Los enunciados de Matienzo traen consigo un cambio técnico en la antinomia cosas animadas versus cosas inanimadas (San Agustín), por cosas útiles versus cosas inútiles (Matienzo). El argumento técnico-económico fundado en la antinomia de Matienzo facilitó ampliar la potencia de la naturaleza de la cosa.

7- Entre ellos se encuentran: John Duns Scoto (1265 – 1308), Johannes Buridanus (1300 -1358), San Bernardino de Siena (1380-1444), Francisco de Vitoria (1483-1546), Martín de Azpilcueta (1493- 1586), Tomás de Mercado (1500 – 1575), Luis Saravia de la Calle (1544 -), Domingo de Soto (1495 – 1546). Luis de Molina y Juan de Matienzo son los analizados en este apartado, dado que alcanzaron un estudio profundo acerca del precio justo, dándole, a partir de esté, un giro relevante al pensamiento económico, tras la introducción del concepto de ley de oferta y demanda.

8 - Para Aristóteles la indigencia se instituye como la causa y medida de los intercambios, ya que ésta consiste en la necesidad que los unos tienen de los otros, sostiene la vida social, ya que sin necesidad, y sin necesidades semejantes, no cabría la posibilidad del intercambio. En Aristóteles la palabra necesidad tiene significado de utilidad, de uso común, en lengua chreía vertida al latín.

Con todo, se evidencia un proceso de adelanto sustantivo en la vía de la subjetivación referido al fenómeno de la escasez, ya que el concepto indigencia humana, en cuanto criterio de valor para los autores de la edad media, es considerado un concepto constituyente del pensamiento neoclásico, cuyos preceptos son la “utilidad” y la “escasez, comprendidos como parte de un fenómeno subjetivo validado por la itinerante, y por ello, infinita necesidad.

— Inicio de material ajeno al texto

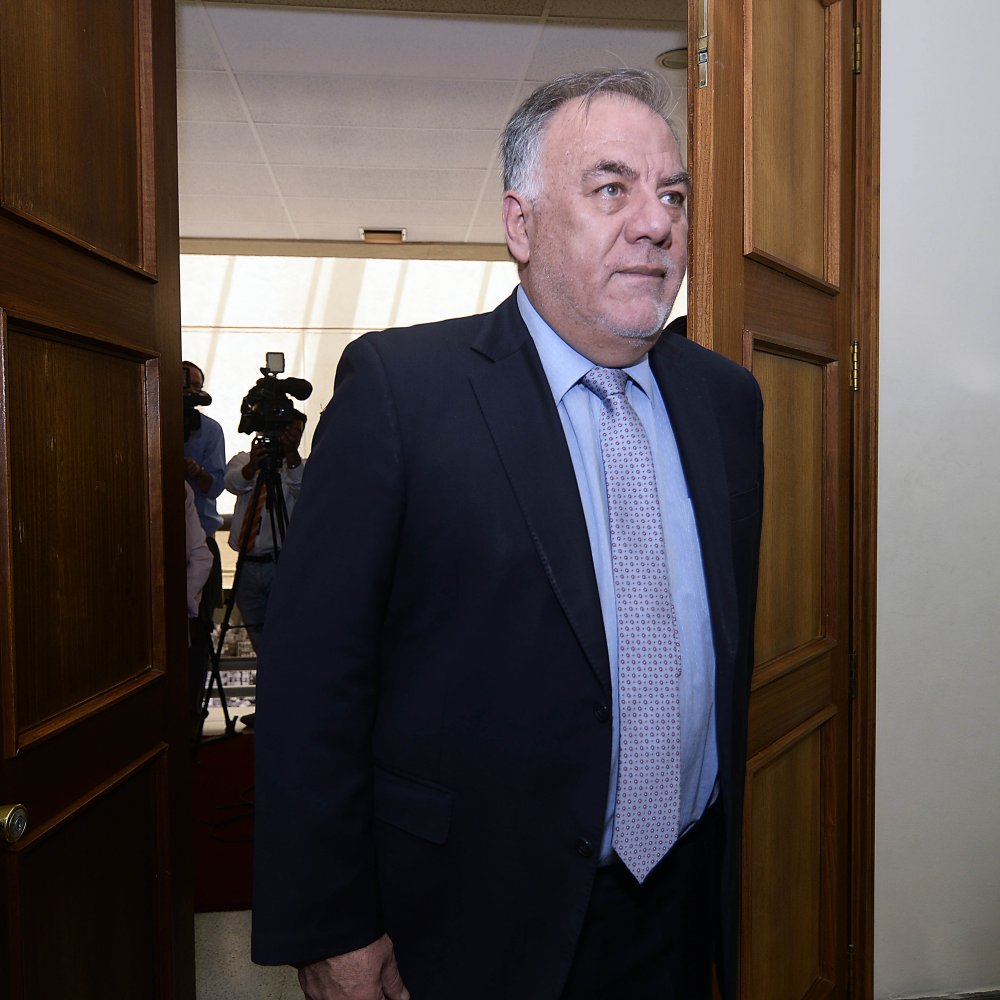 Andrade fustigó críticas de Compagnon a Fiscalía y resaltó parecido con dichos de Piñera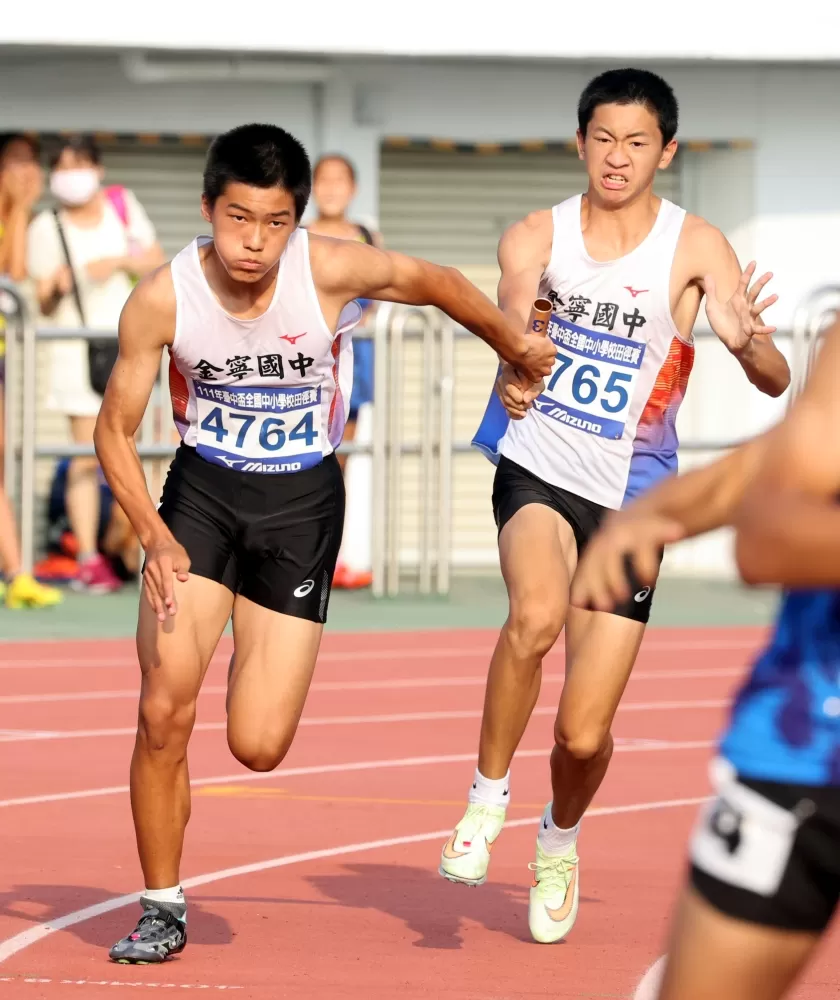 金寧國中打破金門國男紀錄，並拿下國男四百公尺接力隊史首銅。林嘉欣／攝影。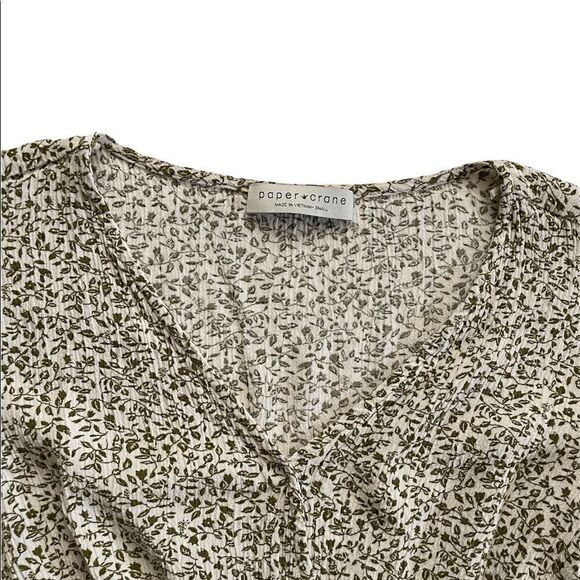 PAPER CRANE cropped Ruched White blouse with green leaf print size small - Picture 5 of 9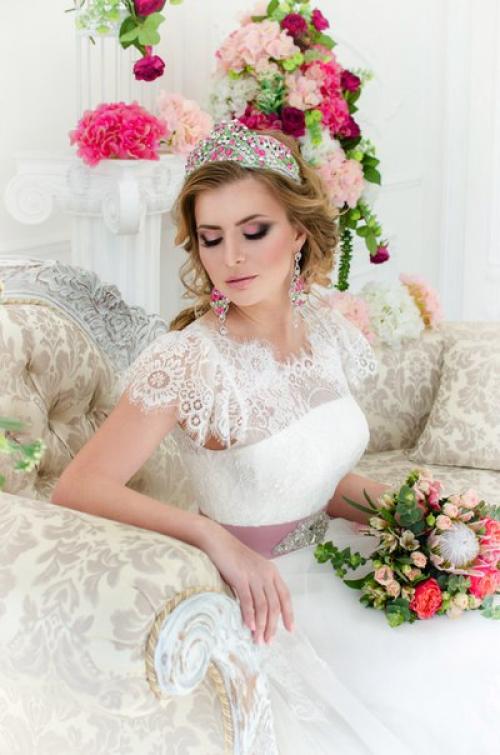 Милые девушки, выпускницы и невесты веду запись на май июнь июль август! 08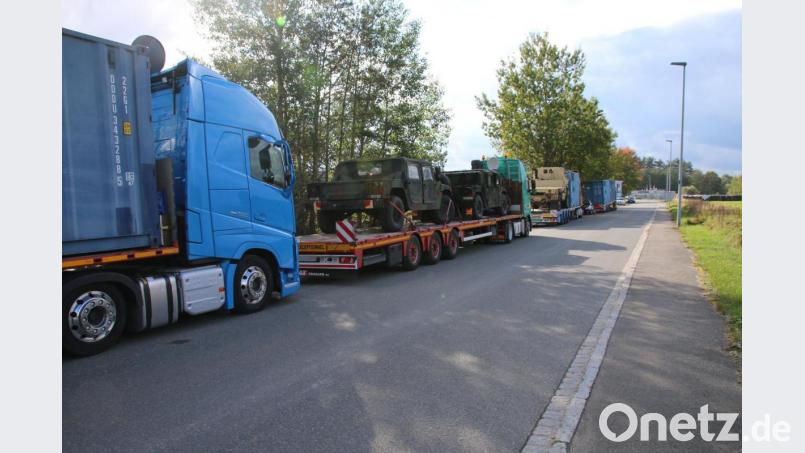 Jürgen Wegmann (CSU) stört sich an den Lastwagen, die im Gewerbegebiet am Randstreifen parken. Meist gehören diese zum Transportverkehr des Truppenübungsplatzes. Wie damit verfahren werden soll, ist sich der Bauausschuss uneins. Bild: sne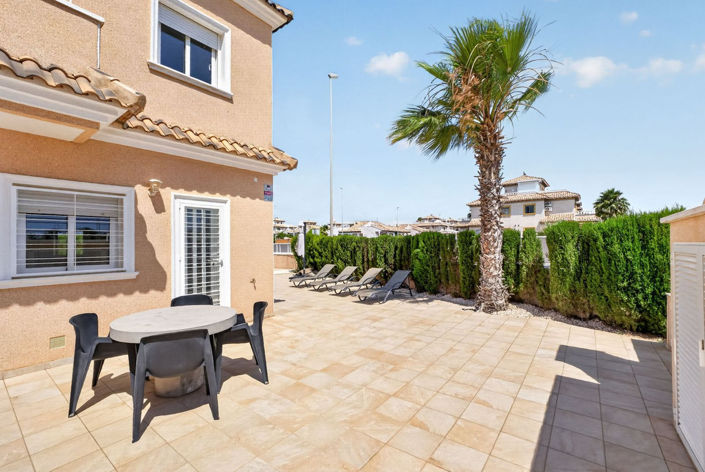 Image No.8-3 Bed Townhouse for sale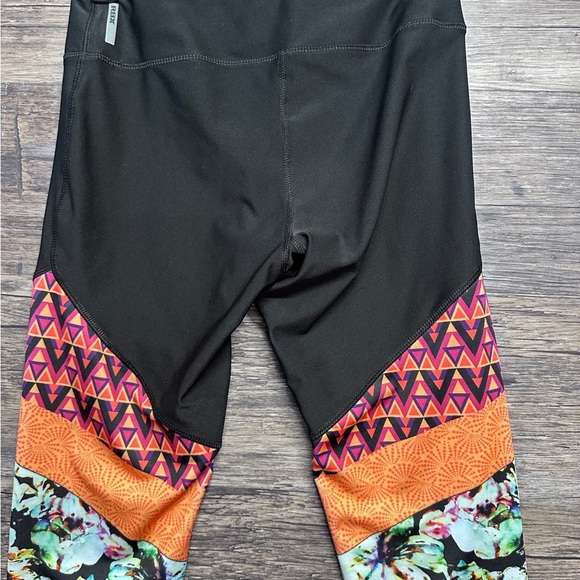Reebok Colorful Patterned Floral Leggings - Picture 2 of 9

Por otra parte, las definiciones presentadas por Matienzo son también sostenidas por Luis de Molina, teólogo escolástico, en su obra “La teoría del Precio Justo”. Para este teólogo, como para los demás escolásticos de la Escuela de Salamanca, el criterio diferenciador de los precios justos e injustos, no es otro que la equivalencia de las contraprestaciones vinculadas a la transacción (compraventa). Debido a ello, la doctrina del precio justo sostenida por los escolásticos, se instituye como el resultado o consecuencia lógica de aquella doctrina que conviene a la justicia conmutativa y, en definitiva, al postulado de la equivalencia. Ahora bien, esta equivalencia guarda relación con la teoría de los precios, en la medida que éstos responden a la estimación común (social) de las cosas, lo que implica, por consiguiente, que hayan de comportarse como meros precios de mercado (precios de venta). El precio de mercado, consiste en un valor que no es determinado por las condiciones individuales de producción, sino por las socialmente necesarias, es decir, por las condiciones de producción según las cuales se elaboran determinadas masas de mercancías sujetas a cada rama productiva, y según las cuales se establece la competencia entre productores dentro de cada rama de producción. En consecuencia, es la teoría de los precios la que contribuye a la formación de la ley de oferta y demanda9.

9- Luis de Molina se lleva el mérito de haber formulado esta ley, aunque anteriormente Matienzo fue quien había contribuido a la formulación de ésta mediante la incorporación del concepto de concurrencia, descubierto en la obra de Molina al final del S.XVI. Este concepto trae de la mano un nuevo concepto para la ciencia económica: el de la competencia en el mercado con claro sentido de rivalidad entre los integrantes de los grupos participantes. Cabe mencionar que el modelo de oferta y demanda es generalmente atribuido a Alfred Marshall (1842-1924), debido a que éste es quien formalizó, analizó y extendió su aplicación. Sin dudas, el origen del concepto es anterior.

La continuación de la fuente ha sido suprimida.